Hi there, I am using a 16.04 ubuntu machine with latest theano (1.02) and pymc (3.5) and I can’t fit this toy model
import pymc3 as pm
import numpy as np
import theano
print(pm.__version__, np.__version__, theano.__version__)
data = [np.random.geometric(i) for i in np.random.beta(0.5, 0.5, size=2000)]
model = pm.Model()
with model:
p = pm.Beta('p', pm.HalfFlat('alpha'), pm.HalfFlat('beta'), shape=2000)
pm.Geometric('observed', p, observed=data)
trace = pm.sample()
pm.traceplot(trace)
I get the standard NUTS “bad energy” error (from one of the chains).
Nevertheless the same model runs fine on my mac (mbp 2018 i9) with the same libraries.
Note that if I change the model from Beta(0.5, 0.5) to Beta(0.8, 0.8), which generates much smaller values from the Geometric output node (maximum value gets 1/1000 smaller) the model fits fine on both machines
Errors like this might be due to the random character of MCMC sampling, which might occasionally get stuck (in which case it would not be system-specific, but coincidence; see suggestion below). However, I guess you tried more than once.
In your definition of p, you use the shape parameter:
Why do you set shape=2000? This creates an “array” (sorry if the term is inappropriate) of 2000 “pm.Beta” objects.
instead, I guess you want one ‘p’, right?
Best,
Falk
To compare across systems, you can try fixing the random state in numpy and pymc3/theano, so that the sampling trace should be identical on both machines:
choose a number (seed)
set np.random.seed(seed) just after the import of numpy
Falk, it’s a different model actually. I want to generate 2000 Geometric with different p genereted from a Beta(0.5, 0.5).
Yes the seed fixing doesn’t really change things. Still quite puzzled as I tried running this analysis a ton of time and still obtain the same results.
So what do you intend to model?
The problem I see, though I might be wrong, is that you have observed data of shape (2000,) and you put that into an array of distributions with shape (2000,). I guess the program interprets this as 2000 single observations for 2000 variables, which means there is 1 observation for each Geometric. The p you receive is then just the hyperprior of all those individual pm.Geometric objects in the array.

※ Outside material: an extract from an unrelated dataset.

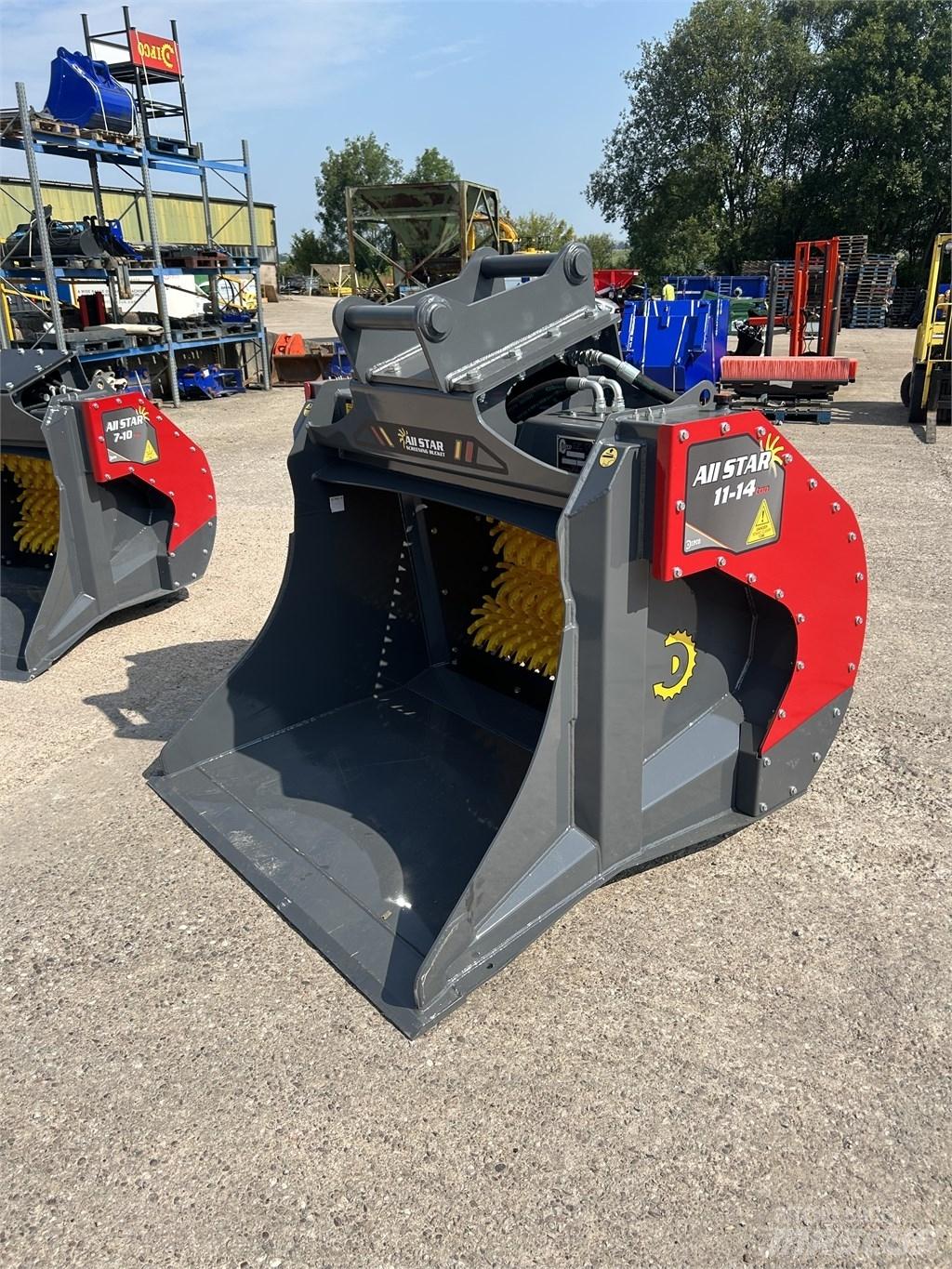  Difco 11-14 Sorteringsskuffer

So maybe you intended to do this:
observations_per_variable = 1000
n_variables = 2000
data = [np.random.geometric(i) \
for i in np.random.beta(0.5, 0.5 \
, size=(observations_per_variable,n_variables) \
)]
?
When I did this, though, I got ValueError: Mass matrix contains zeros on the diagonal. , so there must be something else.
I also tried adjusting your alpha and beta priors:
p = pm.Beta('p', pm.HalfNormal('alpha', 1.), pm.HalfNormal('beta', 1.) \
, shape=(1,n_variables))
but still the error.
I’ve never used Geometric, so someone else might help. But maybe you can tell what it is that you actually want to model?
Best,
Falk
(sorry for my lack of deeper knowledge of the seed thing - thanks @junpenglao for putting it right)
I dont’ think that the problem is what I am trying to model here. It’s a toy example where I try to recover the parameters of some Beta distribution (0.5 and 0.5) that generates the p`s for a geometric distribution. There might be no practical reason for this, but what happens is that the sape of Beta(.5,.5) places high probability on values near zero and values near one
And given that I sample 2000 points from there, you can assume some will have very low values.
The geometric distribution will then spit out very big numbers for very low values of P and that’s what I believe to be the issue here across different OSes (but I don’t know how/why this happens). To confirm this, with higher parameters for the original Beta, the Geometric will output much smaller numbers and I am able to fit the model on both OSes.